• _Work required_
Produce a perfect copy of the listing, matching each line.

• _Provided records_
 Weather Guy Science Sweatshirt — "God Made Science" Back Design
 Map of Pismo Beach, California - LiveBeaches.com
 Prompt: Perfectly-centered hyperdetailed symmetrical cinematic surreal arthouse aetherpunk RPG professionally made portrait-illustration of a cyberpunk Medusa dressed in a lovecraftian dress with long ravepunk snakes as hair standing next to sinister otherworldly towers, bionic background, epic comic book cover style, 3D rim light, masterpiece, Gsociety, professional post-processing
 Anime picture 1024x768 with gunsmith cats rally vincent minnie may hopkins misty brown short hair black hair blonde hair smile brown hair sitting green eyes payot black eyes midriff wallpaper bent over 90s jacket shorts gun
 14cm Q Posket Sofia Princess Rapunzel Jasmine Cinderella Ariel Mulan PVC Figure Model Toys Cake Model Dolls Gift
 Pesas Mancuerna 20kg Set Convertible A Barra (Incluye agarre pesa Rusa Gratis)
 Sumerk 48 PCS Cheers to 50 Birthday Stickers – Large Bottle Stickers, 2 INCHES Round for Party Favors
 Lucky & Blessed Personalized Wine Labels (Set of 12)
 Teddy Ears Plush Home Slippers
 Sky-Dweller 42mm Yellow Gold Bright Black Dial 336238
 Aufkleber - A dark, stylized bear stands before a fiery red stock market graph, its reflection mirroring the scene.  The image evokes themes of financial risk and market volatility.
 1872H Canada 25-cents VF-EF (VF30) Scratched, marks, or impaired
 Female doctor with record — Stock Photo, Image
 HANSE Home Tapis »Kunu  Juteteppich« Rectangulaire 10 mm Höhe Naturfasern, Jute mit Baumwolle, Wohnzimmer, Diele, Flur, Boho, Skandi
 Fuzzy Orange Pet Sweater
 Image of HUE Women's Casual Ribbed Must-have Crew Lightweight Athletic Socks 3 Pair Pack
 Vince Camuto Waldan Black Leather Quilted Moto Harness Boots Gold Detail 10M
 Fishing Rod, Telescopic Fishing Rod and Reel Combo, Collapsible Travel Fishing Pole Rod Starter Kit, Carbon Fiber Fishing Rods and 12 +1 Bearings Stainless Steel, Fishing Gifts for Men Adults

• _Worked solution_
 Weather Guy Science Sweatshirt — "God Made Science" Back Design
 Map of Pismo Beach, California - LiveBeaches.com
 Prompt: Perfectly-centered hyperdetailed symmetrical cinematic surreal arthouse aetherpunk RPG professionally made portrait-illustration of a cyberpunk Medusa dressed in a lovecraftian dress with long ravepunk snakes as hair standing next to sinister otherworldly towers, bionic background, epic comic book cover style, 3D rim light, masterpiece, Gsociety, professional post-processing
 Anime picture 1024x768 with gunsmith cats rally vincent minnie may hopkins misty brown short hair black hair blonde hair smile brown hair sitting green eyes payot black eyes midriff wallpaper bent over 90s jacket shorts gun
 14cm Q Posket Sofia Princess Rapunzel Jasmine Cinderella Ariel Mulan PVC Figure Model Toys Cake Model Dolls Gift
 Pesas Mancuerna 20kg Set Convertible A Barra (Incluye agarre pesa Rusa Gratis)
 Sumerk 48 PCS Cheers to 50 Birthday Stickers – Large Bottle Stickers, 2 INCHES Round for Party Favors
 Lucky & Blessed Personalized Wine Labels (Set of 12)
 Teddy Ears Plush Home Slippers
 Sky-Dweller 42mm Yellow Gold Bright Black Dial 336238
 Aufkleber - A dark, stylized bear stands before a fiery red stock market graph, its reflection mirroring the scene.  The image evokes themes of financial risk and market volatility.
 1872H Canada 25-cents VF-EF (VF30) Scratched, marks, or impaired
 Female doctor with record — Stock Photo, Image
 HANSE Home Tapis »Kunu  Juteteppich« Rectangulaire 10 mm Höhe Naturfasern, Jute mit Baumwolle, Wohnzimmer, Diele, Flur, Boho, Skandi
 Fuzzy Orange Pet Sweater
 Image of HUE Women's Casual Ribbed Must-have Crew Lightweight Athletic Socks 3 Pair Pack
 Vince Camuto Waldan Black Leather Quilted Moto Harness Boots Gold Detail 10M
 Fishing Rod, Telescopic Fishing Rod and Reel Combo, Collapsible Travel Fishing Pole Rod Starter Kit, Carbon Fiber Fishing Rods and 12 +1 Bearings Stainless Steel, Fishing Gifts for Men Adults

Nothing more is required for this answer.